Kernel010 in Single precision on Windows crashes with Segfault
I just tried to make the regressiontests run on Windows too and I noticed that several of the complex (7/14), kernel (6/63) and pdb2gmx (32/42) fail. They are all OK on Mac/Linux in all configurations. One cause is that Kernel010 segfaults. It seems to be OK in double precision. It segfaults with latest 4.5 release and the "Compiler=msvc CompilerVersion=2010 host=bs_Win2008_64" and "Compiler=icc CompilerVersion=12.1.2 GMX_DLOPEN=OFF GMX_THREADS=OFF GMX_FFT_LIBRARY=fftpack host=bs_Win2008_64" configs. It is OK with "Compiler=msvc CompilerVersion=2008 GMX_DOUBLE=ON GMX_OPENMP=OFF GMX_THREADS=OFF GMX_FFT_LIBRARY=fftpack host=bs_Win2008_64".
New CPU detection & AVX/SSE code, removed raw assembly files.
Removed all raw assembly files and deprecated altivec support.
Removed support for NASM and other assemblers, and replaced
previous SSE detection code with a new module using CPUID instead.

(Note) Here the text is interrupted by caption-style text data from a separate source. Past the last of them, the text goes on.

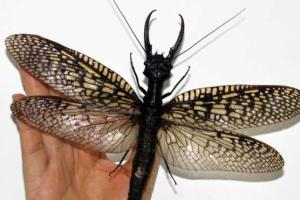 Гигантские коридалы обнаружены в китайской провинции Сычуань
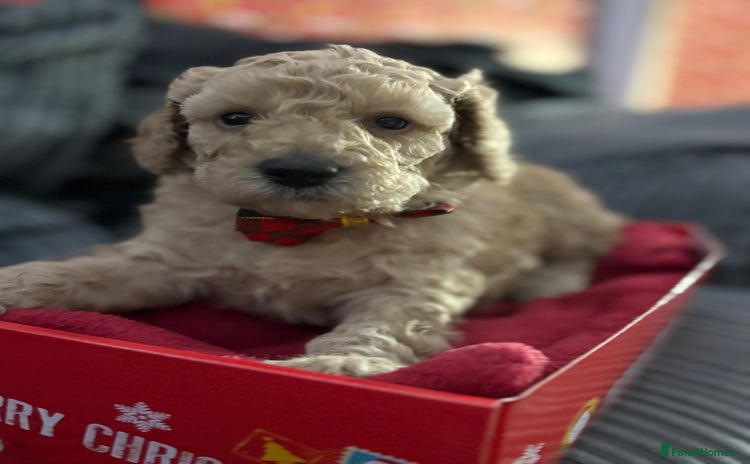 Cavapoochon dogs Cavapoochon  - Advert 12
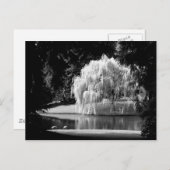 ブローデル予約 ポストカード (正面/裏面)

Added detection for SSE2, SSE4.1, AVX 128-bit with FMA, and AVX 256-bit.
Added Cmake detection of build platform based on CPUID, and output this
to the log file. The executables now compare the compile-time platform
and selected acceleration with the run-time platform and most suitable
acceleration and warns the user if they do not match. The compiler
detection code has also been reordered slightly to produce more readable
warnings when OpenMP is not available, and correctly disable pragma
Added intrinsics code and math functions for SSE2, SSE4.1, AVX128/256
both in single and double precision. All math functions and permutation
code have been tested & verified. Single precision math functions are
correct apart from the least significant bit, and double precision has
roughly twice the accuracy.
This has forced me to temporarily disable the SSE & Fortran acceleration.
SSE will be added back soon based on new intrinsics-only kernels currently
in testing, and we will test if Fortran still makes sense then.

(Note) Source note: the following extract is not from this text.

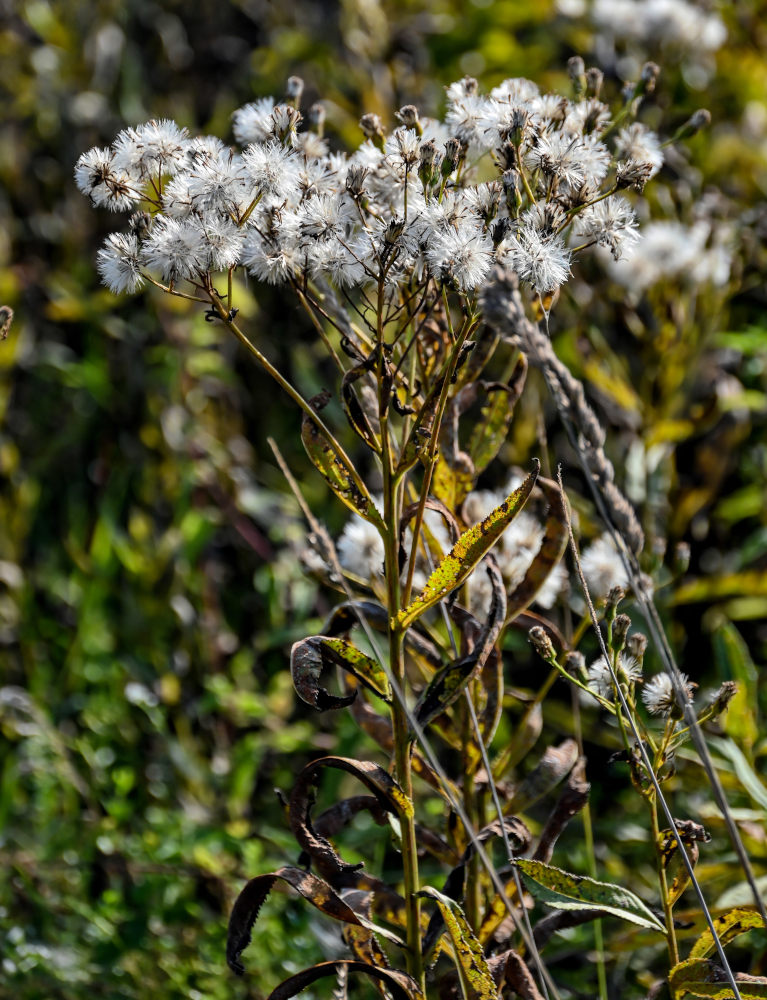 Изображение особи Senecio sarracenicus.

Finally, the patch includes a modification to gmx_rmsdist where
a regression issue was introduced recently by using sqrtf() for
the norm function. This caused the intel compiler to produce slightly
different results at high optimization leves, which got evident here.
Closes #926 - Raw assembly code has been removed.
Refs #923 - Old kernels removed, new will be added shortly.
Fixes #914 - Cmake now does architecture-speficic optimization.
Fixes #912, #913
Fixes #857 - We detect rdtscp support with CPUID and use it if possible.
Closes #537, #574 - Altivec is now deprecated.
#1 Updated by Roland Schulz over 7 years ago
The non-segfault errors in the regression-tests were caused by a bug in the perl script fixed by https://gerrit.gromacs.org/#/c/794/. This leaves only segfaults: 6/14 in complex (aminoacids, argon, butane, dec+water, fe_test, tip4pflex) , 1/63 in kernel (kernel010), and 32/42 in pdb2gmx.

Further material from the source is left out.